- EXERCISE DETAILS: Beginning at the top of the material, repeat each line exactly, and stop once the line with "Podio de los" has been written.

- DATASET:
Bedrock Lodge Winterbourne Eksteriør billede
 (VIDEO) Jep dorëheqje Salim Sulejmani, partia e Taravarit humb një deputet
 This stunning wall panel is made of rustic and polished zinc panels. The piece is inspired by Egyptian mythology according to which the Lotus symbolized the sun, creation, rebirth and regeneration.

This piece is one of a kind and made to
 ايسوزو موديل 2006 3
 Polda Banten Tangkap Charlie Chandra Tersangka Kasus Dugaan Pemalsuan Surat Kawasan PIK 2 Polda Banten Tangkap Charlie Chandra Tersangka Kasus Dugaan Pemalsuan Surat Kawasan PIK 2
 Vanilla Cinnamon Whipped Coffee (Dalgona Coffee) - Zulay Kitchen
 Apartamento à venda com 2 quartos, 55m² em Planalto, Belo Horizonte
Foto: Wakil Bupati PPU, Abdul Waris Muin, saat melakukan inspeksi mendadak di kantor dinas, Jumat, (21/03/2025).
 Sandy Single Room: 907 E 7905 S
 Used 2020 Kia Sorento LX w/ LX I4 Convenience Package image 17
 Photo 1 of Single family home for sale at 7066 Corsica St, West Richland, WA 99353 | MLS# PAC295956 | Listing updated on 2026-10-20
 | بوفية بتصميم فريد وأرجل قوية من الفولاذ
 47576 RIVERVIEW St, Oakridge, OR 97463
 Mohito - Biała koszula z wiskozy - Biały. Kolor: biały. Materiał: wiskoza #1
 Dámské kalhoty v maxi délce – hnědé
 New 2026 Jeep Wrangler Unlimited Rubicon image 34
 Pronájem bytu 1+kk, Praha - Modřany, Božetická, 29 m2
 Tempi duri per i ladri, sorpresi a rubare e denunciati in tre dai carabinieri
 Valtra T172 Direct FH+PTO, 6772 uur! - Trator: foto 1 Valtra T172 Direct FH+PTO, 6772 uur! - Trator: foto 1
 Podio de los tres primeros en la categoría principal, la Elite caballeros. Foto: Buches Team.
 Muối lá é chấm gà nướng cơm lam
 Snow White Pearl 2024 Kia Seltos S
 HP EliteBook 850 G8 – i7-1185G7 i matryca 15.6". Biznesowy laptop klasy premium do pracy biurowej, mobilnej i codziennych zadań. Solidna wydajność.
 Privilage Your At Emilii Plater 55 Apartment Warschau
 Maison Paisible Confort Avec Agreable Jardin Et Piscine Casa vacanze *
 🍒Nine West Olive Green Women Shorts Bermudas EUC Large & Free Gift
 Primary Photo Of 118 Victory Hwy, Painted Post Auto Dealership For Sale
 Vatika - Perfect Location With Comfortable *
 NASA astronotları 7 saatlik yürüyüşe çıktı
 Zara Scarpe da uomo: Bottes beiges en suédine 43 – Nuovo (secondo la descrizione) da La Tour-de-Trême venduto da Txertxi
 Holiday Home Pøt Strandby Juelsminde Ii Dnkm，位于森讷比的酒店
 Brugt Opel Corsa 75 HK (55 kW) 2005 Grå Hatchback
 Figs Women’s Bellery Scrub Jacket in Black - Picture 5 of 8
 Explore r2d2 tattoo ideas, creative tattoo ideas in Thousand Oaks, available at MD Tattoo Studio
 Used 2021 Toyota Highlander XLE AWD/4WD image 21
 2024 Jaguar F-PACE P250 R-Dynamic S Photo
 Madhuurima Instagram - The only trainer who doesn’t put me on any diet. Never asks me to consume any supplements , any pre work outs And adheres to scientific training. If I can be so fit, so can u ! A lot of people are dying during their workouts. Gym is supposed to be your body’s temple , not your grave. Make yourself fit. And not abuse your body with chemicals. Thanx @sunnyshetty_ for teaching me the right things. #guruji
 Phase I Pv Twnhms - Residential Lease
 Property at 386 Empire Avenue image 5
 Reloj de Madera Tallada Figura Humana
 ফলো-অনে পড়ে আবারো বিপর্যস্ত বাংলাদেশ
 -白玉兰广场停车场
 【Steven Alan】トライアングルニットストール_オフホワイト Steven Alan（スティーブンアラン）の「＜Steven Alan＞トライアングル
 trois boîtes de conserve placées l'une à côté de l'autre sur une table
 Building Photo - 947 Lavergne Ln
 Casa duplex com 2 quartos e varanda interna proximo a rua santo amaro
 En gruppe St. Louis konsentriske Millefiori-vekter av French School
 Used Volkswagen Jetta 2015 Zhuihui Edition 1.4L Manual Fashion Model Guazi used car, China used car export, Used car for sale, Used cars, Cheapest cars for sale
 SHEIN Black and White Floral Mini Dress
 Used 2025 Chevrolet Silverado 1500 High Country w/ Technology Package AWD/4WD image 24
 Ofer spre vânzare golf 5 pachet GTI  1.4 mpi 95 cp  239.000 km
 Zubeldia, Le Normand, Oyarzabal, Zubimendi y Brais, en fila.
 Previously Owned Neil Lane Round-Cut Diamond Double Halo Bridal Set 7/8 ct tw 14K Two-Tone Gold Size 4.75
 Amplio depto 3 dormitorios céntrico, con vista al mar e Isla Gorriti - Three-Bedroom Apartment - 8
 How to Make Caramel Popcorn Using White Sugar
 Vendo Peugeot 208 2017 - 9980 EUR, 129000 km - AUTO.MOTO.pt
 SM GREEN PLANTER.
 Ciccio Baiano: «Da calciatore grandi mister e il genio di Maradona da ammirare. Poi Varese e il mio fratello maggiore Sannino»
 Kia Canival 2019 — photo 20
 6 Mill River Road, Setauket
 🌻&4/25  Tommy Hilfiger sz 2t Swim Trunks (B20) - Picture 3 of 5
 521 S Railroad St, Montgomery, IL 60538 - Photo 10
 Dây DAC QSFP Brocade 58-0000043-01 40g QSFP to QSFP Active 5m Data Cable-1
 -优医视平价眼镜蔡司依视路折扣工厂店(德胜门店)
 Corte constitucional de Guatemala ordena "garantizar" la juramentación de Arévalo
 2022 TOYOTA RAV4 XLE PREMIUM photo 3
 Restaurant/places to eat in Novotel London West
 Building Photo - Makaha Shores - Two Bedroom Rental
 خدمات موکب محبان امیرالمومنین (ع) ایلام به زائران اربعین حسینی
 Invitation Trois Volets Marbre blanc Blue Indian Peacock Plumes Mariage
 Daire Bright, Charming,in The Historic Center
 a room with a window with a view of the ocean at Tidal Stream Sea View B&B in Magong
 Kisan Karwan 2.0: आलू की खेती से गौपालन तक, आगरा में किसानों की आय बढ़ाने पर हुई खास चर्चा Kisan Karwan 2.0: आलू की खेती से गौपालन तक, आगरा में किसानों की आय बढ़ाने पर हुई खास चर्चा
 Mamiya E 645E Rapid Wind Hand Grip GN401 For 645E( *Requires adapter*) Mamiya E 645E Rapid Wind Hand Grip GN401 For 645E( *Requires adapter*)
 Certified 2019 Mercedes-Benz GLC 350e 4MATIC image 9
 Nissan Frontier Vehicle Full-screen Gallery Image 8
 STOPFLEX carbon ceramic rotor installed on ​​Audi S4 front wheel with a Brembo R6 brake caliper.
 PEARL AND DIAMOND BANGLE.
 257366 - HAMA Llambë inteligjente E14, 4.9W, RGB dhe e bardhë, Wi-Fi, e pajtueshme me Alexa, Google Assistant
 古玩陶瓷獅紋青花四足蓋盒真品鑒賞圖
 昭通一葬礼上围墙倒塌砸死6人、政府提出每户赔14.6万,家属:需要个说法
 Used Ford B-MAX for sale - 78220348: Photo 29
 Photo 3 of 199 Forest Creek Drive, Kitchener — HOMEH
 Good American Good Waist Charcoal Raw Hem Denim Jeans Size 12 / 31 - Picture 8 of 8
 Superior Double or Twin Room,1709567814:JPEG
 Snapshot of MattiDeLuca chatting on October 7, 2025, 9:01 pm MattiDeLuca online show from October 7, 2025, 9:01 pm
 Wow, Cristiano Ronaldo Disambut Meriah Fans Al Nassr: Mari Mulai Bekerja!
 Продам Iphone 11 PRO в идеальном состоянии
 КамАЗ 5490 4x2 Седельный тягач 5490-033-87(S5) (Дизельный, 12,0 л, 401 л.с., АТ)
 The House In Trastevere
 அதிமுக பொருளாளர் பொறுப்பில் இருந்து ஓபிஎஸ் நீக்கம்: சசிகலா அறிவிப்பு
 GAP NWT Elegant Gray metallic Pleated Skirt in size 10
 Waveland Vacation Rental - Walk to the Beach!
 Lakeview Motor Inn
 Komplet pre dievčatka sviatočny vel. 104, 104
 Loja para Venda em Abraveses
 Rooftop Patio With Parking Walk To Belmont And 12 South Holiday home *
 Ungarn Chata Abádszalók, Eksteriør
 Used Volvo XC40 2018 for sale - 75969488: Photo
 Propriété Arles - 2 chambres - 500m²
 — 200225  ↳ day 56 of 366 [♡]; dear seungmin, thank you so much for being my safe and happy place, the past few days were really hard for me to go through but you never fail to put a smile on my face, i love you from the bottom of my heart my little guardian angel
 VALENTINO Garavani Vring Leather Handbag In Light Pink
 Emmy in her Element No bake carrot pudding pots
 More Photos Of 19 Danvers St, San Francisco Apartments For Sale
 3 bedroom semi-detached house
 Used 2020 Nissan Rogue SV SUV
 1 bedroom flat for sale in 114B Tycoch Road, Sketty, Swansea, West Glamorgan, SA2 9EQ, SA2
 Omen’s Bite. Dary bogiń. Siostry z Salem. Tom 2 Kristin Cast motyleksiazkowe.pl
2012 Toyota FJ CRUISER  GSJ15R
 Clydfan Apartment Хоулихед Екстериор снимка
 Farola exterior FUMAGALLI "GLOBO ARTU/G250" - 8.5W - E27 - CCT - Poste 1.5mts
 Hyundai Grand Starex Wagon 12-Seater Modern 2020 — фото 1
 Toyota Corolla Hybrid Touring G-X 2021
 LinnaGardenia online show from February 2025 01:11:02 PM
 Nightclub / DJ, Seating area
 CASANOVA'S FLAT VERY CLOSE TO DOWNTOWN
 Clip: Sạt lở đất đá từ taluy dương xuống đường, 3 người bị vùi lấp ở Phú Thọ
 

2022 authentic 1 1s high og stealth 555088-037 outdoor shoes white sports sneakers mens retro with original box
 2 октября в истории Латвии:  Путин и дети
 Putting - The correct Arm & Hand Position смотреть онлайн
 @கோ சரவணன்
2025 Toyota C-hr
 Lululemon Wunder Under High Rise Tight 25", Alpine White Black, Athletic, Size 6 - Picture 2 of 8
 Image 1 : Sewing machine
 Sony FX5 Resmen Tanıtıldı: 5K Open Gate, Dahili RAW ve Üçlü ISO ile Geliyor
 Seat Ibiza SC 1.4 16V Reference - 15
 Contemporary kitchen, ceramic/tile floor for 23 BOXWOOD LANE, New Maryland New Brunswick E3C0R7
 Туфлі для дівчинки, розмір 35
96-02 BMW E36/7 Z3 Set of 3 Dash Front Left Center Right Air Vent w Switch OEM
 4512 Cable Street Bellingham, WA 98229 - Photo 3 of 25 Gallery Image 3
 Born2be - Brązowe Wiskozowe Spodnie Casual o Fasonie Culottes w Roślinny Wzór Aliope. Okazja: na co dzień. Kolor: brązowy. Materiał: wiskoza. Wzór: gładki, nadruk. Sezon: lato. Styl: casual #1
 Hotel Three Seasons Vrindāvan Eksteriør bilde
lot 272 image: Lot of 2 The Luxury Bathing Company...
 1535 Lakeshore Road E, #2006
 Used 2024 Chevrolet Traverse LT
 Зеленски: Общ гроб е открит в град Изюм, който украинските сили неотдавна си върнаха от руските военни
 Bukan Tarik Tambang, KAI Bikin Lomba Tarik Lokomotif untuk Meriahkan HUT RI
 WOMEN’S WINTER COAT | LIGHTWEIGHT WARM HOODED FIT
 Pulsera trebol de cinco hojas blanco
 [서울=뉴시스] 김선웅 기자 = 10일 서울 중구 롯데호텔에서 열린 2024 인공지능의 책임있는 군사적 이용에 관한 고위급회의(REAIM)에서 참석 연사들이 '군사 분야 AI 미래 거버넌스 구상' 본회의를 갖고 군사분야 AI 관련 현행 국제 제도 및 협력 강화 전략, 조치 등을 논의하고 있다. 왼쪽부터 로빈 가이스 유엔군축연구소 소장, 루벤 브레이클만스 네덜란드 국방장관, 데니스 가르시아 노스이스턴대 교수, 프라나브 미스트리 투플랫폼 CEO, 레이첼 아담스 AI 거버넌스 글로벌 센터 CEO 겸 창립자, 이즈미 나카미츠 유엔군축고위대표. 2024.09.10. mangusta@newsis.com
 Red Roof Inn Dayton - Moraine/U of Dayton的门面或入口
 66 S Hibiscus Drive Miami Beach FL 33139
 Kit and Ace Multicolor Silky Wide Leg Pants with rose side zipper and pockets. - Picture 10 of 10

- OUTPUT OF THE EXERCISE:
Bedrock Lodge Winterbourne Eksteriør billede
 (VIDEO) Jep dorëheqje Salim Sulejmani, partia e Taravarit humb një deputet
 This stunning wall panel is made of rustic and polished zinc panels. The piece is inspired by Egyptian mythology according to which the Lotus symbolized the sun, creation, rebirth and regeneration.

This piece is one of a kind and made to
 ايسوزو موديل 2006 3
 Polda Banten Tangkap Charlie Chandra Tersangka Kasus Dugaan Pemalsuan Surat Kawasan PIK 2 Polda Banten Tangkap Charlie Chandra Tersangka Kasus Dugaan Pemalsuan Surat Kawasan PIK 2
 Vanilla Cinnamon Whipped Coffee (Dalgona Coffee) - Zulay Kitchen
 Apartamento à venda com 2 quartos, 55m² em Planalto, Belo Horizonte
Foto: Wakil Bupati PPU, Abdul Waris Muin, saat melakukan inspeksi mendadak di kantor dinas, Jumat, (21/03/2025).
 Sandy Single Room: 907 E 7905 S
 Used 2020 Kia Sorento LX w/ LX I4 Convenience Package image 17
 Photo 1 of Single family home for sale at 7066 Corsica St, West Richland, WA 99353 | MLS# PAC295956 | Listing updated on 2026-10-20
 | بوفية بتصميم فريد وأرجل قوية من الفولاذ
 47576 RIVERVIEW St, Oakridge, OR 97463
 Mohito - Biała koszula z wiskozy - Biały. Kolor: biały. Materiał: wiskoza #1
 Dámské kalhoty v maxi délce – hnědé
 New 2026 Jeep Wrangler Unlimited Rubicon image 34
 Pronájem bytu 1+kk, Praha - Modřany, Božetická, 29 m2
 Tempi duri per i ladri, sorpresi a rubare e denunciati in tre dai carabinieri
 Valtra T172 Direct FH+PTO, 6772 uur! - Trator: foto 1 Valtra T172 Direct FH+PTO, 6772 uur! - Trator: foto 1
 Podio de los tres primeros en la categoría principal, la Elite caballeros. Foto: Buches Team.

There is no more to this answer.